It is not necessary to recapitulate -all the facts of that case; it is sufficient to state that in the trap that was laid in that case, the most important witness was one Nagindas who offered the sum of Rs. 25,000, and the two important witnesses of the raiding party were Pandit Dhanraj, Superintendent, Special Police Establishment, Delhi, and Shanti Lal Ahuja, Additional District Magistrate, Delhi. Nagindas, who was acting on behalf of his master Sir Chinubhai did not have the money to offer as a bribe, and the money was provided by the police authorities which money was offered by Nagindas in that case. The first point for consideration in the case was whether Nagindas and one Pannalal, who was also a servant of Sir Chinubhai and who accompanied Nagindas, were accomplices and, therefore, their evidence should be treated on that basis. This was answered in the negative, on the ground that neither of them was a willing party to the giving of the bribe and, therefore, they did not have the necessary criminal intent to be treated as abettors or accomplices.

(1) [1954] S.C.R. 1098.

206 This brings out the first distinction which has to be made:

the distinction between a witness who is an accomplice and one who is not. How the evidence of an accomplice is to be treated is no longer open to any doubt; the matter has been dealt with in a large number of decisions, and as was observed by this Court in Rameshwar v. The State of Rajasthan (1), the rule laid down in Rex v. Baskerville (2), with regard to the admissibility of the uncorroborated evidence of an accomplice is also the law in India. The rule is that such evidence is admissible in law; but it has long been a rule of practice, which has virtually become equivalent to a rule of law, that the judge must warn the jury of the danger of convicting a prisoner on the uncorroborated testimony of an accomplice. In Rameshwar's case(l) it was pointed out:

" The only clarification necessary for purposes of this country is where this class of offence is sometimes tried by a judge without the aid of a jury.
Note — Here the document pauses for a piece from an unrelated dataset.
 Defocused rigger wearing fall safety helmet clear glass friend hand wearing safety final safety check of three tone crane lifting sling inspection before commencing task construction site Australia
In these cases it is necessary that the Judge should give some indication in his judgment that he has had this rule of caution in mind and should proceed to give reasons for considering it unnecessary to require corroboration on the facts of the particular case before him and show why he considers it safe to convict without corroboration in that particular case." If the witnesses are not accomplices, what then is their position ? In Rao Shiv Bahadur Singh's case (3) it was observed, with regard to Nagindas and Pannalal, that they were partisan witnesses who were out to entrap the appellant in that case, and it was further observed: " A perusal of the evidence......... leaves in the mind the impression that they were not witnesses whose evidence could be taken at its face value." We have taken the observations quoted above from a full report of the decision, as the authorised report does not contain the discussion with regard to evidence. It is thus clear that the decision did not lay down any universal or inflexible rule of rejection even with regard to the evidence of witnesses who may be called partisan or interested witnesses. It is plain and obvious (1) [1952] S.C.R. 377. 385 (3) [1954] S.C.R. I098.

(2) [1916] 2 K.B. 658.

207 that no such rule can be laid down; for the value of the testimony of a witness depends on diverse factors,, such as, the character of the witness, to what extent and in what manner he is interested, how he has fared in cross examination, etc. There is no doubt that the testimony of partisan or interested witnesses must be scrutinised with care and there may be cases, as in Rao Shiv Bahadur Singh's case (1), where the Court will as a matter of prudence look for independent corroboration. It is wrong, however, to deduce from that decision any universal or inflexible rule that the evidence of the witnesses of the raiding party must be discarded, unless independent corroboration is available.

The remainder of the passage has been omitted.